Meyer’s Thm

Thm:(Meyers) Suppose {M} is a {n-}dimensional complete manifold and

\displaystyle \text{Ric}_M\geq (n-1)K>0

Then {\text{diam}M<\frac{\pi}{\sqrt{K}}} hence {M} is compact and {\pi_1(M)} is finite.

This theorem is proved by the following lemma.

Lemma: Suppose {\text{Ric}_M\geq (n-1)K>0}, then every geodesic which is longer than {\displaystyle \frac{\pi}{\sqrt{K}}} on {M} must have conjugate points hence not a minimal geodesic.

Proof: Suppose {\gamma(t):[0,l]\rightarrow M} is a mininal normal geodesic with length {\displaystyle l>\frac{\pi}{\sqrt{K}}}, {t} is the arc length parameter. Then there exists {\displaystyle K'=\left(\frac{\pi}{l}\right)^2} such that {K'<K}.

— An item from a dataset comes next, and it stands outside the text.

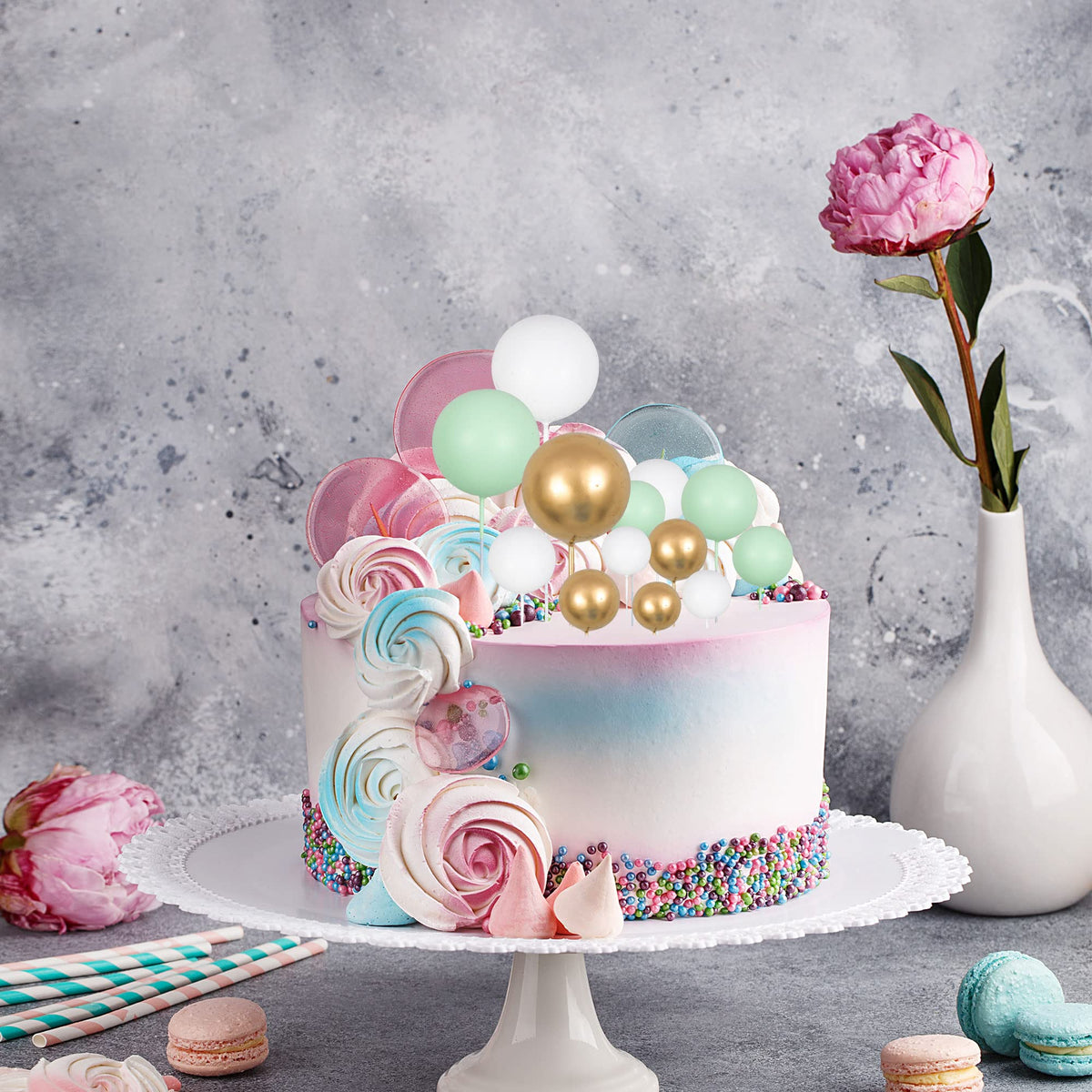 Gyufise 30Pcs Balls Cake Topper Mini Balloons Cupcake Topper Diy Cake Insert Topper Foam Cake Balls Baking Decoration For Weddin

For {T_{\gamma(0)}M}, there exists an orthonormal basis {\{\frac{\partial }{\partial t}, V_i, i=1,\cdots,n-1\}}. Let {V_i(t)} be the parallel displacement of {V_i} along {\gamma}, {T} is the one of {\frac{\partial }{\partial t}}.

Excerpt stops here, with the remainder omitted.